Tech
Vsquared closes second fund of €214m to cash in on Europe’s deeptech boom
Munich-based Vsquared Ventures has closed its second fund — a €214m vehicle — to invest in early-stage, deeptech startups.
The firm will write cheques of between €500k-€5m into roughly 25 companies. Two-thirds of the fund is saved for follow-on investments.
Vsquared founding partner Thomas Oehl says the fund closed significantly above the initial target size of €165m — partially because there is “deeptech momentum in Europe and a better understanding of why it is important”.
Vsquared’s portfolio includes satellite launcher Isar Aerospace, quantum computing hardware provider IQM Quantum, brain-computer-interface developer Inbrain Neuroelectronics and reusable rocket maker The Exploration Company.
A pan-European fund
Vsquared aims to be the first institutional investor writing cheques for deeptech startups, says Oehl.
With its new fund, the firm will invest across six themes: AI and next-gen software, energy transition, new computing and sensing, space, tech bio and robotics and manufacturing.
Vsquared has already made eight investments with the new fund, including lithium-ion battery recycling startup Cylib, embedded chips startup Synthara and robotics startup Neura Robotics.
It’s backed by mostly European LPs, which was deliberate to “showcase” that Vsquared is a pan-European fund, says Oehl.
The LPs include Novo Holdings, the NATO Innovation Fund, the Export and Investment Fund of Denmark, the European Investment Fund and Germany’s KfW Capital.

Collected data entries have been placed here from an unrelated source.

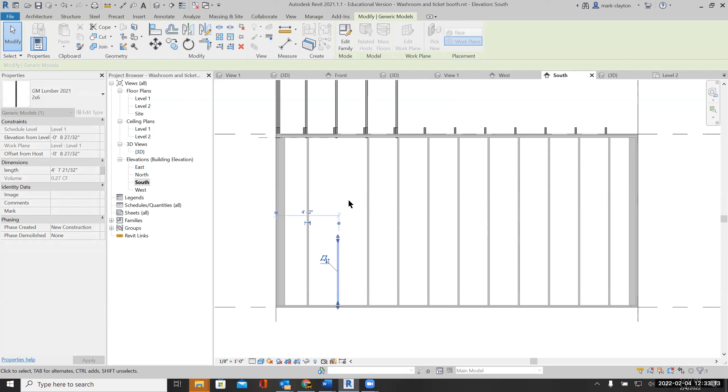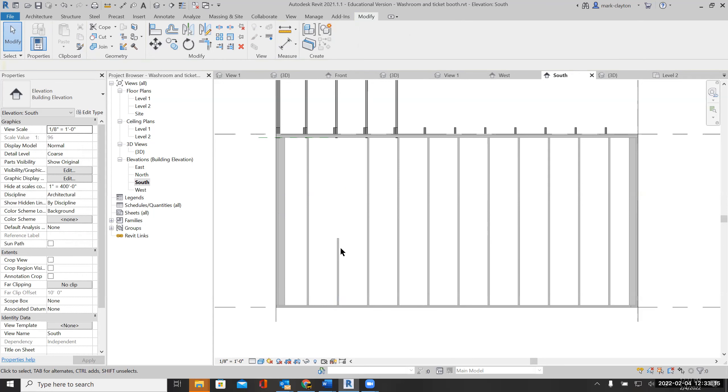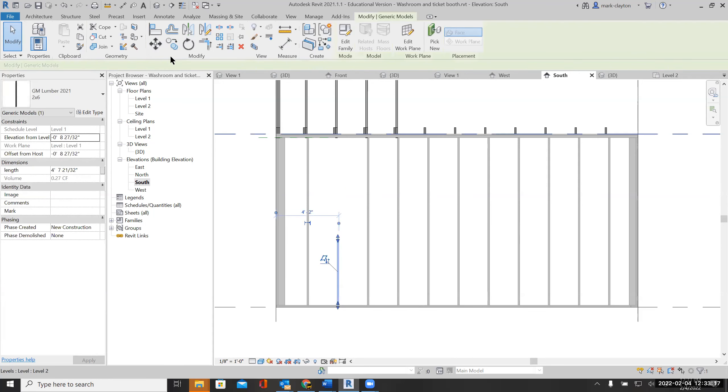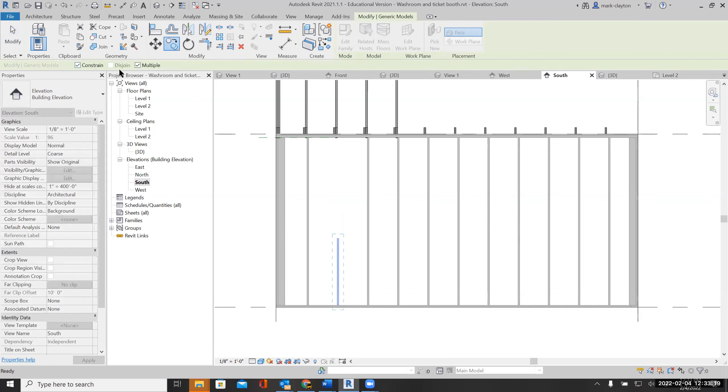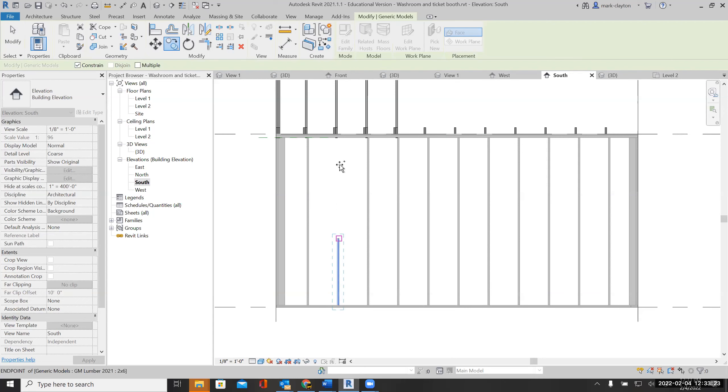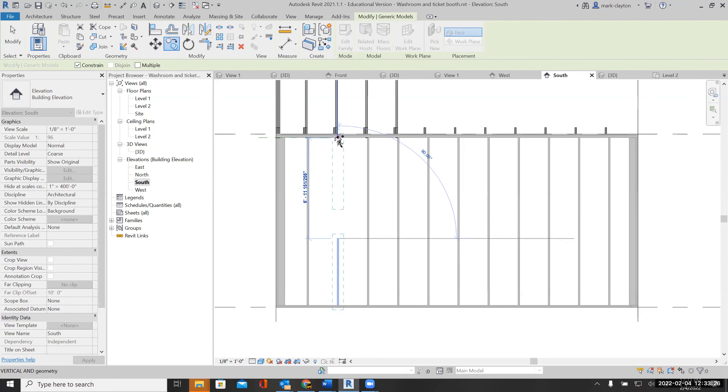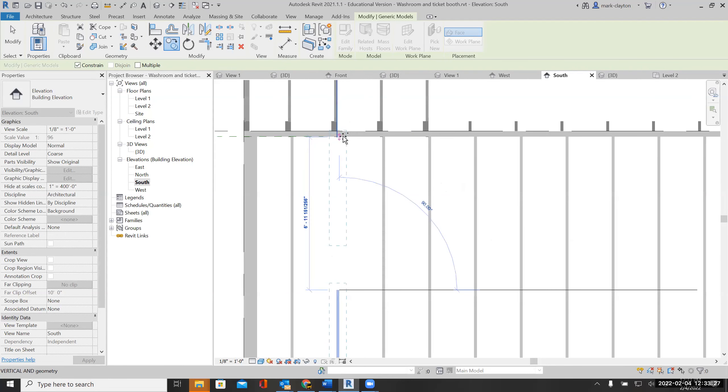To the sill of the window. I'm going to copy this, keep it constrained, single copy, and I'm going to put the copy up here above the window.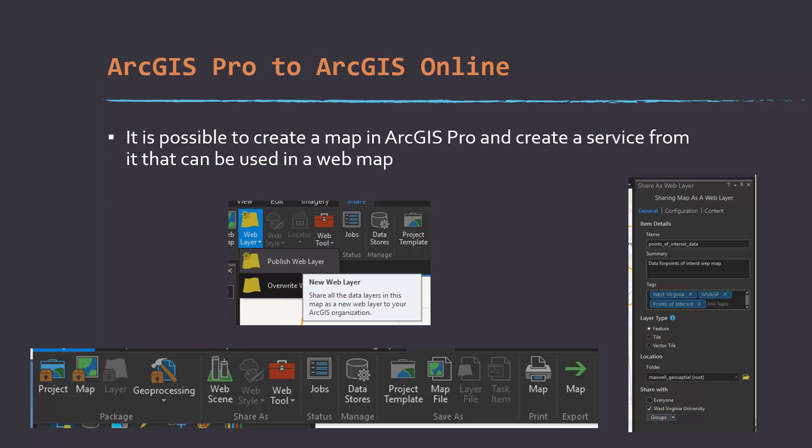It's also possible to take a map or product from ArcPro and publish it into ArcGIS Online. I'm going to show you a couple components of that process and provide an example. This will basically end the first day of material, and tomorrow we'll move into analysis.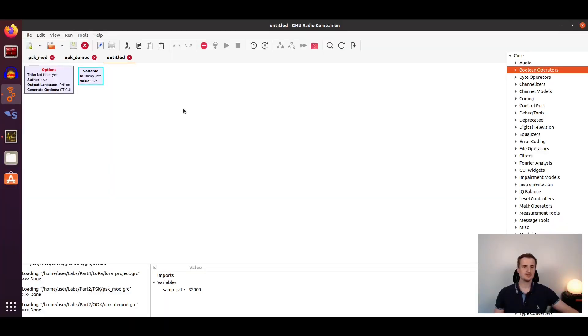As it is a software-defined radio course, we will also see how to use GNU Radio and start with the blank processing page of GNU Radio.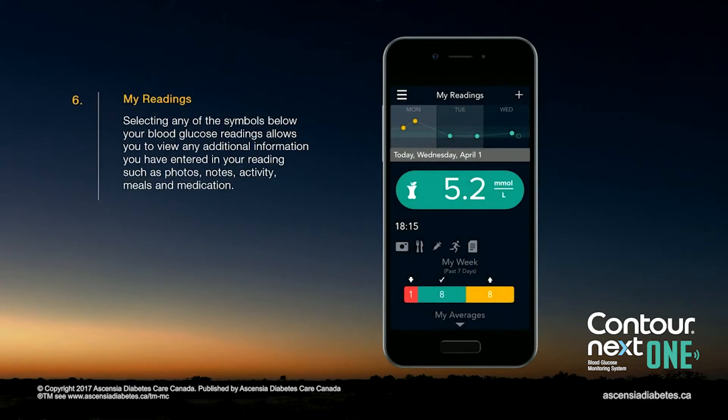Selecting any of the symbols below your blood glucose reading allows you to view any additional information you have entered into your reading.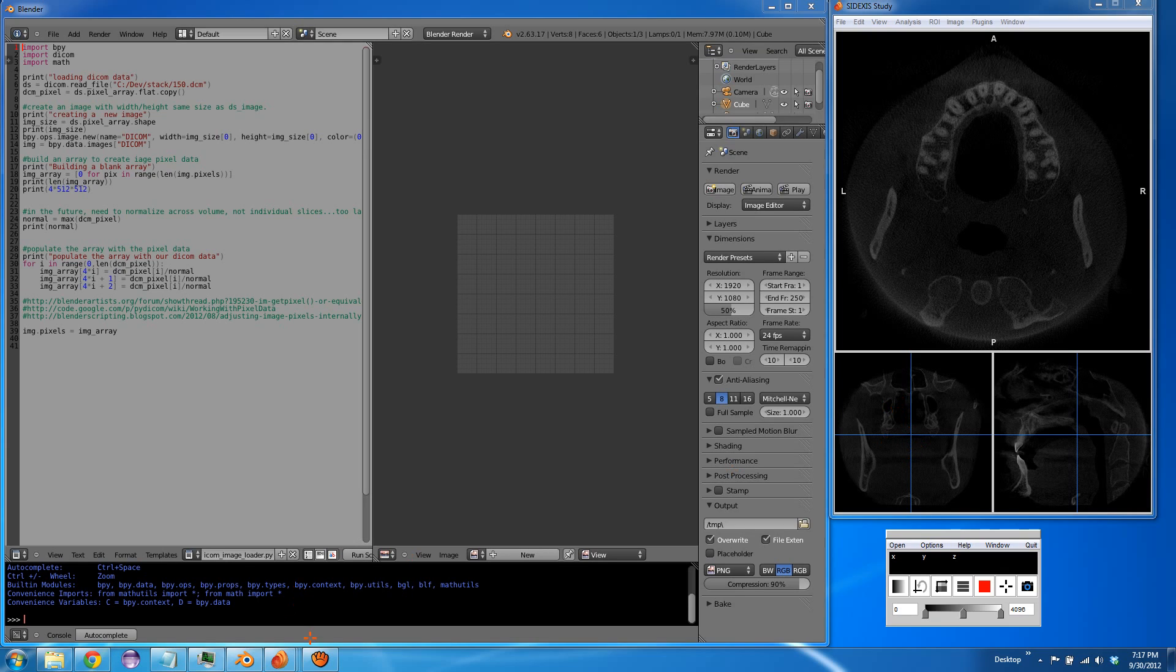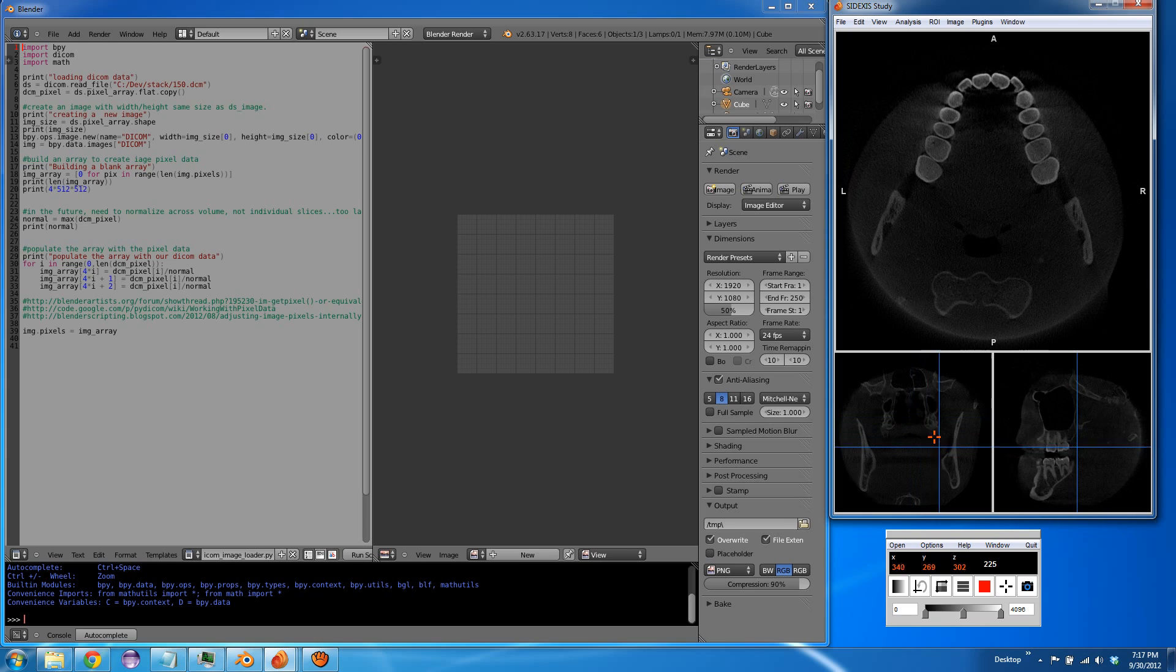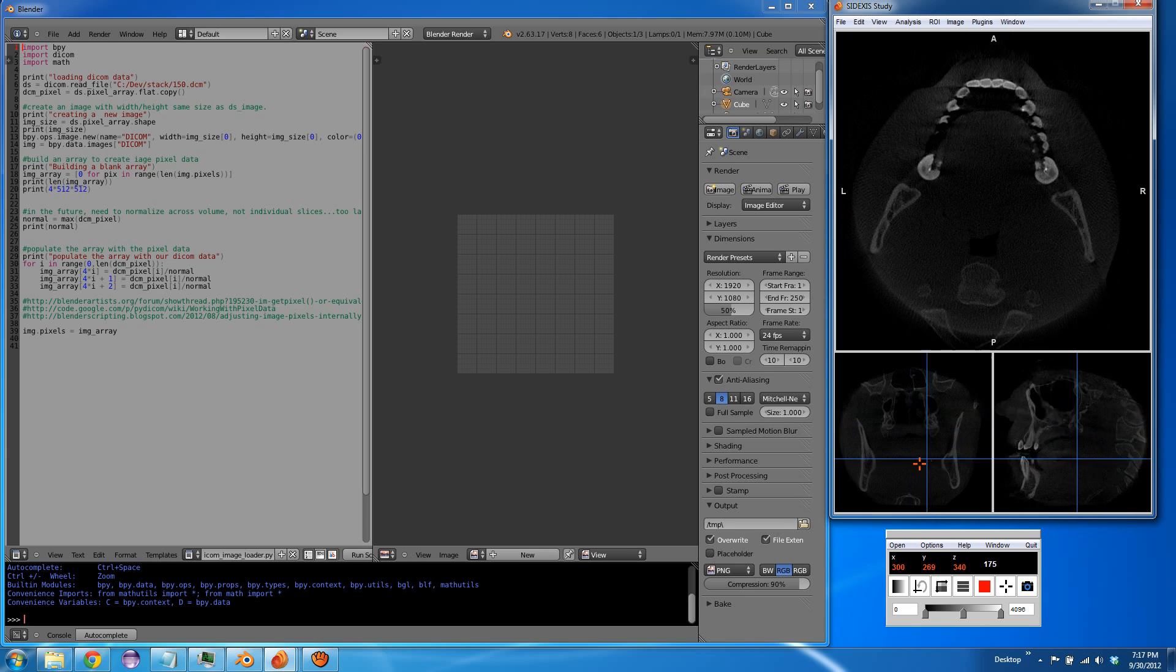Okay, so what I've got over here is the image stack loaded up in Mango, which is no relation to the Blender Mango.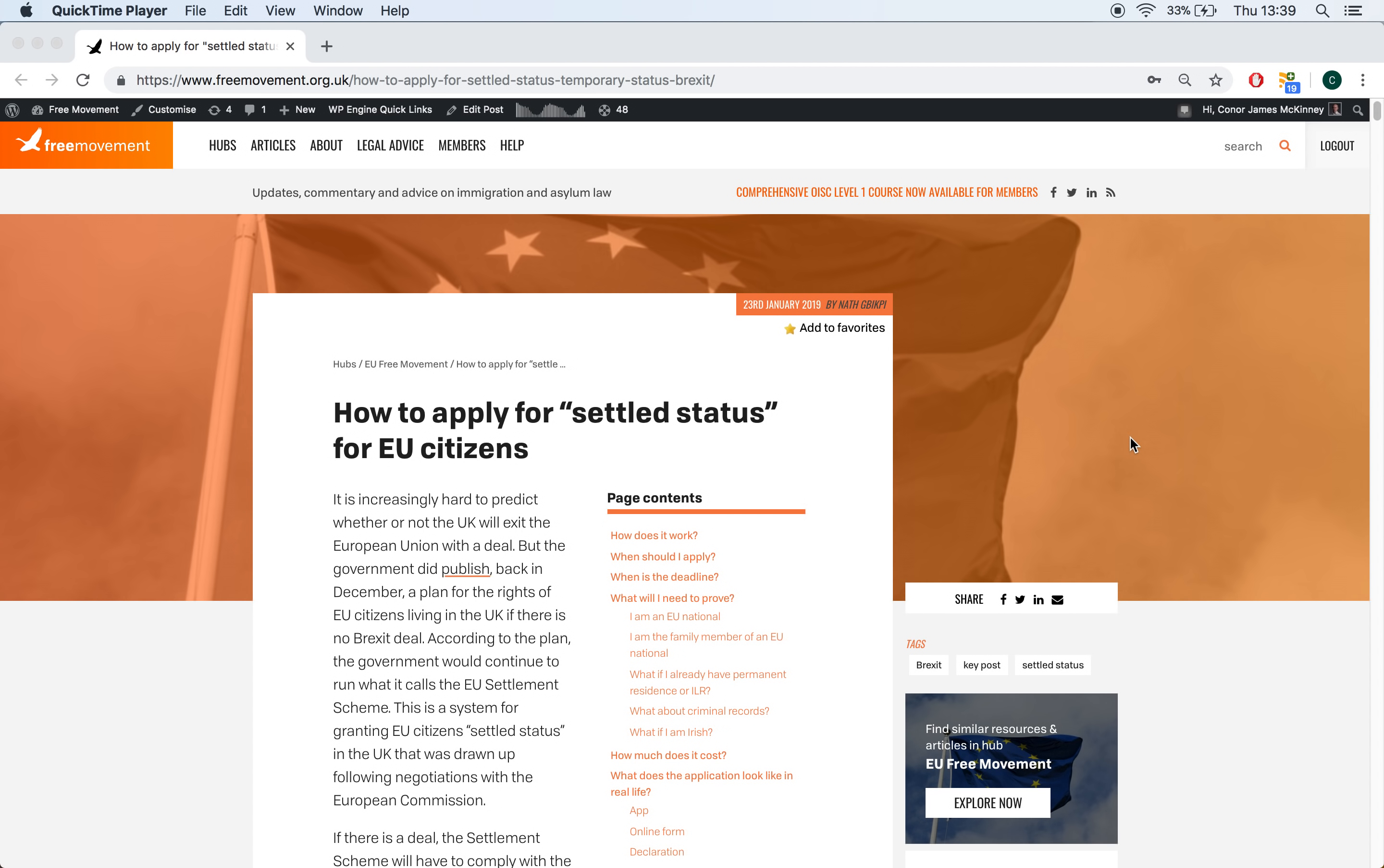Hello, I'm CJ McKinney. This free movement video is going to take you through the online application process for settled status for EU citizens. This is a scheme under which almost all EU citizens living in the UK, with very few exceptions, must apply to stay here after Brexit.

Two or three years ago, you had to explain a lot why you were doing deeptech investments, and that has completely changed.
It also has some founders as LPs, including Simon Bolz of healthcare communication startup Klara.com as well as Dr. Oliver Trinchera and Dr. Alexander Huettenbrink, cofounders of Kinexon, a location system that offers tracking for industrial settings and sports games.
“Two or three years ago, you had to explain a lot why you were doing deeptech investments, and that has completely changed. There is no question around that anymore,” says Lise Rechsteiner, general partner at Vsquared.
“I think everyone has come to realise that this is where we build strength (in Europe) and how we can build a competitive advantage as well.”
Building a resilient deeptech ecosystem in Europe
Europe’s strength as a deeptech ecosystem is underpinned by the quality of its universities, scientific research and graduate talent, says Rechsteiner.
“Now we’re seeing a shift towards commercialising that in Europe and maybe a new … self belief that we can really build something big out of Europe too,” she says. “I think this is also what’s helped us with this fundraise. There are a lot of positive attitudes towards building really strong global companies out of Europe.”
Outside the “obvious” cities like Munich, London, Paris and Stockholm, Rechsteiner sees Vilnius, as well as the broader Baltic region, and Copenhagen as “super exciting hubs.”
The Baltics is strong when it comes to cybersecurity and tech bio, she says, while Copenhagen is a hub for quantum and biomanufacturing.
But while there is “immense opportunity” for Europe to build deeptech champions, there are a few roadblocks that stand in the way, says Rechsteiner.
“One of the large challenges in Europe is fragmentation,” she says.
“If you think of the IPO market in the US you have one tech IPO market, the Nasdaq. In Europe the IPO markets are decentralised. That makes the investor base highly fragmented and not particularly accommodating for not-yet-profitable companies.
“There are some interesting initiatives right now trying to push a unified European entity, just like you would have in the US for example,” she adds.
“If something like that would be possible it would reduce bureaucratic hurdles for startups expanding in Europe. Getting rid of hurdles and trying to really see Europe as a united region would be amazing.”